Segment Start: MATERIAL PROVIDED

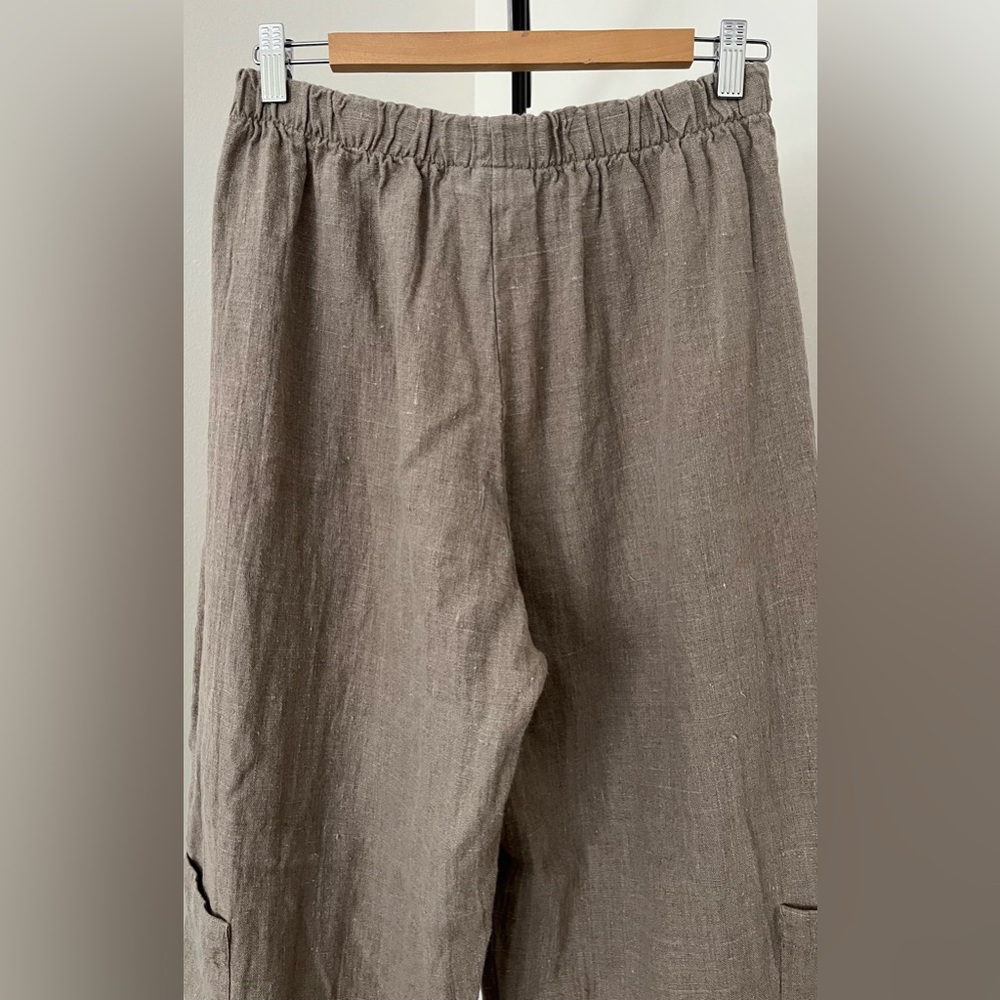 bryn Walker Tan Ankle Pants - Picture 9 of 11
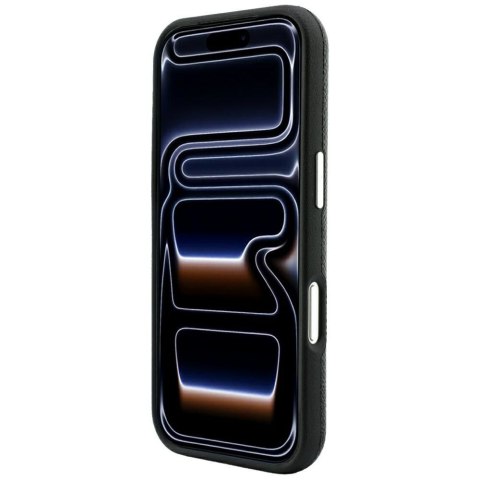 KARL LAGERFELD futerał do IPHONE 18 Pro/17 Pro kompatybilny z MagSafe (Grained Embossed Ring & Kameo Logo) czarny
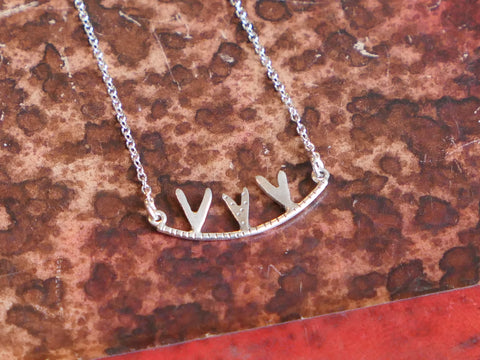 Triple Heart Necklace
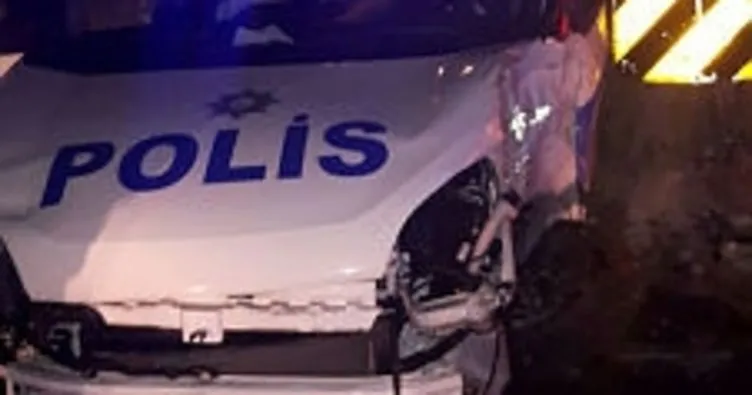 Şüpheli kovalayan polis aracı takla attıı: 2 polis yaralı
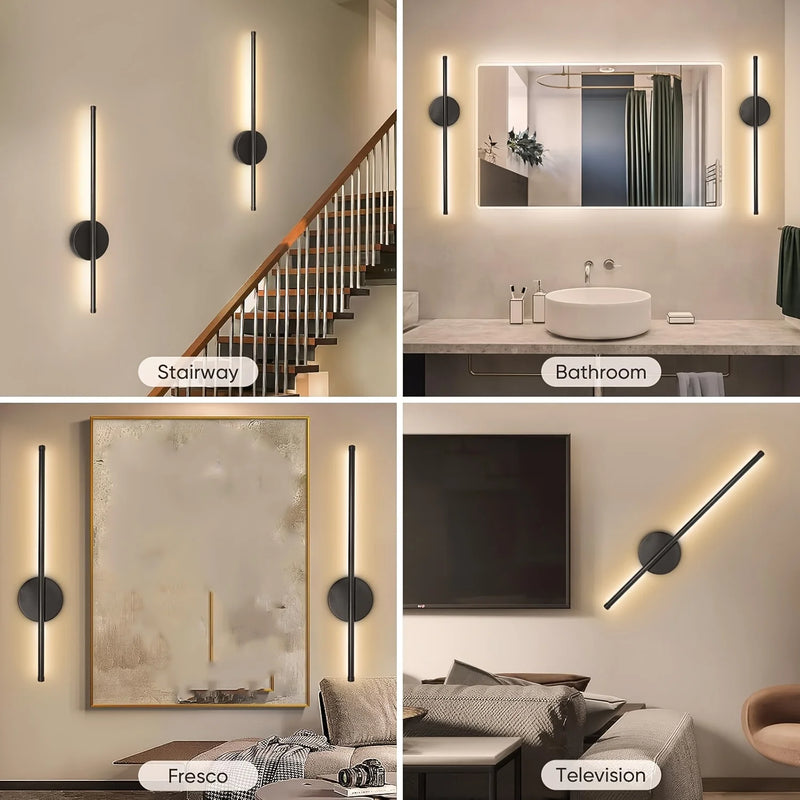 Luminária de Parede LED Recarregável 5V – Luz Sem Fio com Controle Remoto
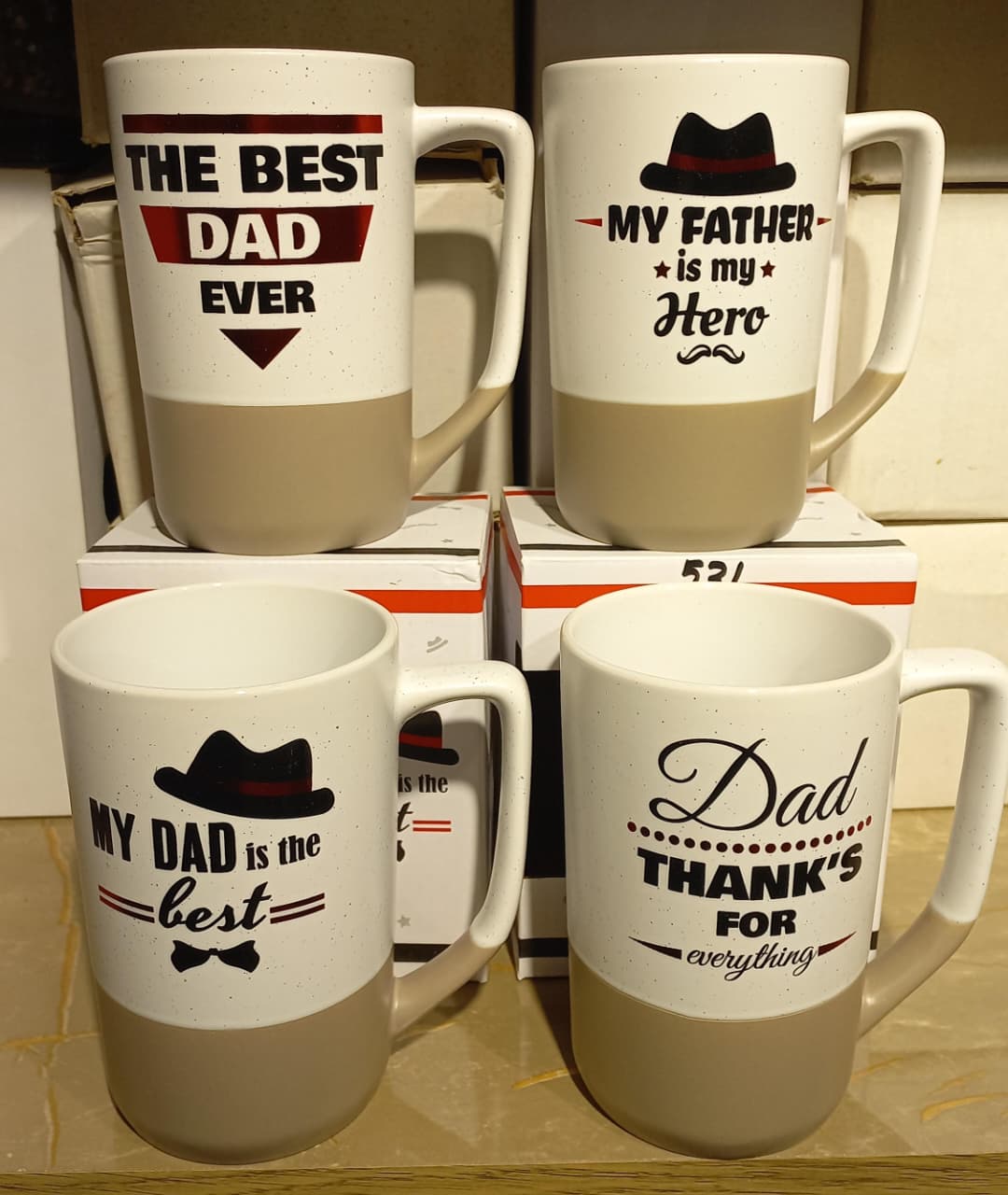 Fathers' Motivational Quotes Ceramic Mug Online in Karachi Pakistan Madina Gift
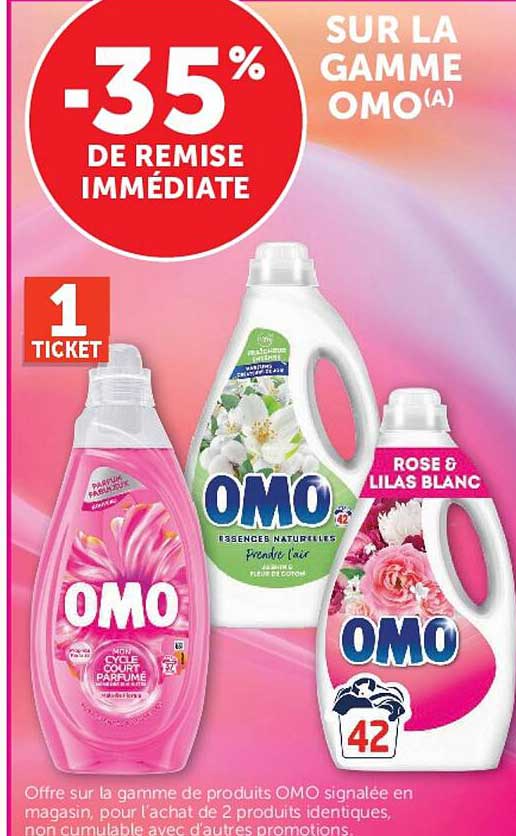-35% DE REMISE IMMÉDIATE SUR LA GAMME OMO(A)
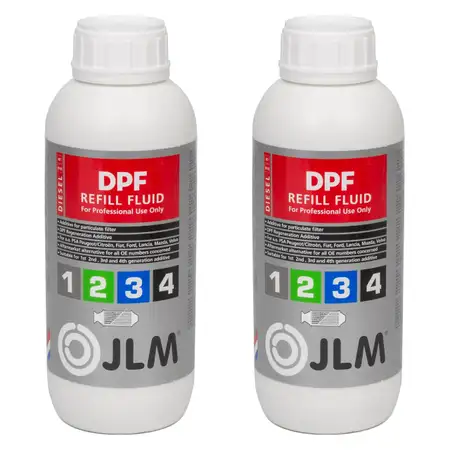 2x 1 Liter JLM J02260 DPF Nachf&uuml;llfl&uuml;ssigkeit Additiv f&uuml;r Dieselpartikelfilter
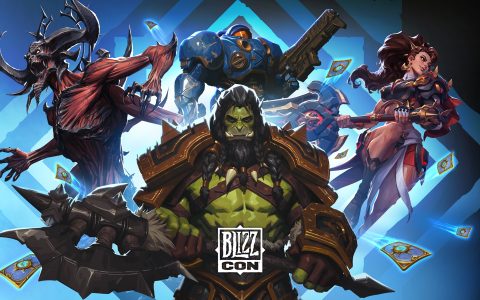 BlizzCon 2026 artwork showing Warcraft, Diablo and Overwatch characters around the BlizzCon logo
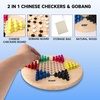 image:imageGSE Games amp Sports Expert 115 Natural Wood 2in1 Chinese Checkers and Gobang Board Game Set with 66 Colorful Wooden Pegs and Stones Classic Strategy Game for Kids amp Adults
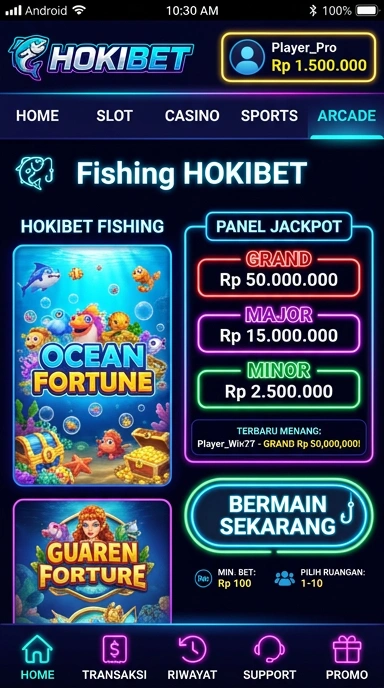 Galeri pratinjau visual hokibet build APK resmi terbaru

Segment End: MATERIAL PROVIDED

Return exactly the lines from the one containing "image:imageGSE Games amp" through the end of the records, leaving out every picture.

 image:imageGSE Games amp Sports Expert 115 Natural Wood 2in1 Chinese Checkers and Gobang Board Game Set with 66 Colorful Wooden Pegs and Stones Classic Strategy Game for Kids amp Adults
 Galeri pratinjau visual hokibet build APK resmi terbaru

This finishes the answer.